7. Interpreter and Thread States
As mentioned in previous chapters, initializing the interpreter and thread state data structures is one of the steps involved in the bootstrap of the Python interpreter. In this chapter, we provide a detailed look at these data structures.
7.1 The Interpreter state
The Py_Initialize function in the pylifecycle.c module is one of the bootstrap functions invoked
during the initialization of the Python interpreter. This function handles the set-up of the Python runtime as well as the initialization of the interpreter state and thread state data structures among
other things.
The interpreter state is a straightforward data structure that captures the global state shared by a set of cooperating threads of execution in a Python process.

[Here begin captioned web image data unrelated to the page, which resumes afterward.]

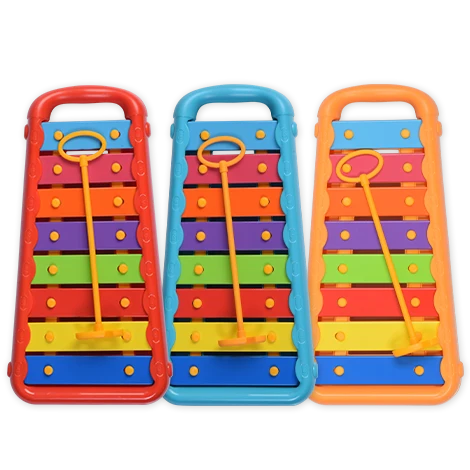 Halilit Xylophone
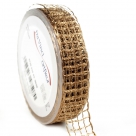 Ribbon alma w wire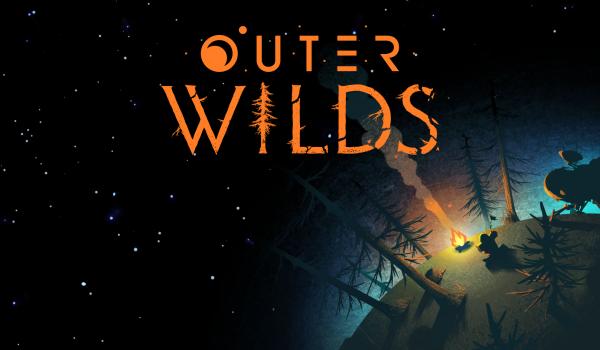 Outer Wilds (Xbox Series)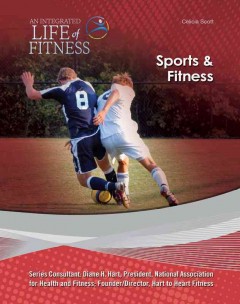 Sports & fitness  Cover Image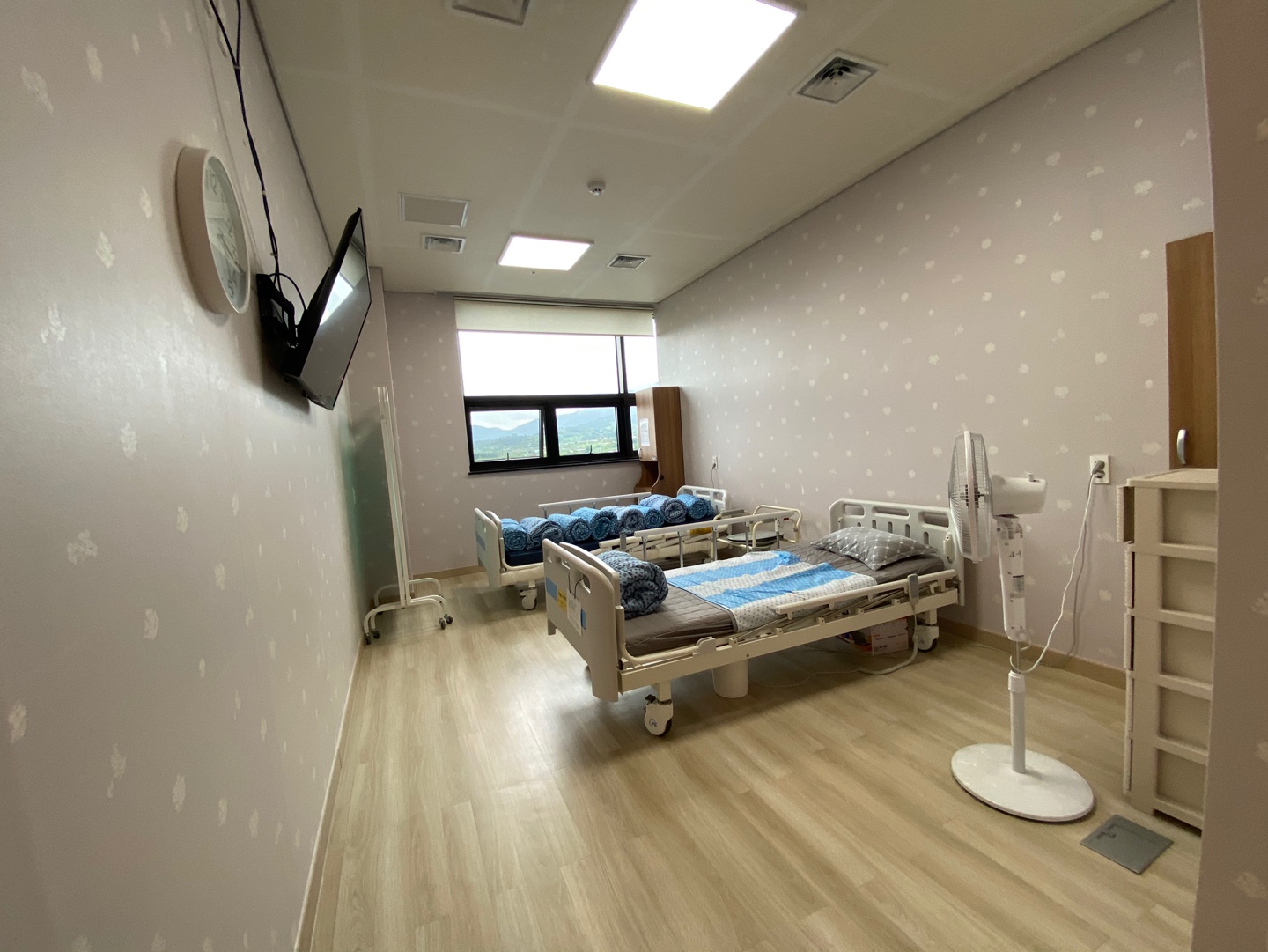 안림요양원 이미지 19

Listing 7.0 is a cross-section of this data structure’s definition.
typedef struct _is {
struct _is *next;
struct _ts *tstate_head;
PyObject *modules;
PyObject *modules_by_index;
PyObject *sysdict;
PyObject *builtins;
PyObject *importlib;
PyObject *codec_search_path;
PyObject *codec_search_cache;
PyObject *codec_error_registry;
int codecs_initialized;
int fscodec_initialized;
...
PyObject *builtins_copy;
PyObject *import_func;
} PyInterpreterState
The fields in listing 7.0 should be familiar if one covered the prior materials in this book, and has used Python for a considerable amount of time. We discuss some of the fields of the interpreter state data structure once again.
-
*next: There can be multiple interpreter states within a single OS process that is running a python executable. This*nextfield references another interpreter state data structure within the python process if such exist, and these form a linked list of interpreter states, as shown in figure 7.0. Each interpreter state has its own set of variables that will be used by a thread of execution that references that interpreter state. However, all interpreter threads in the process share the same memory space and Global Interpreter Lock.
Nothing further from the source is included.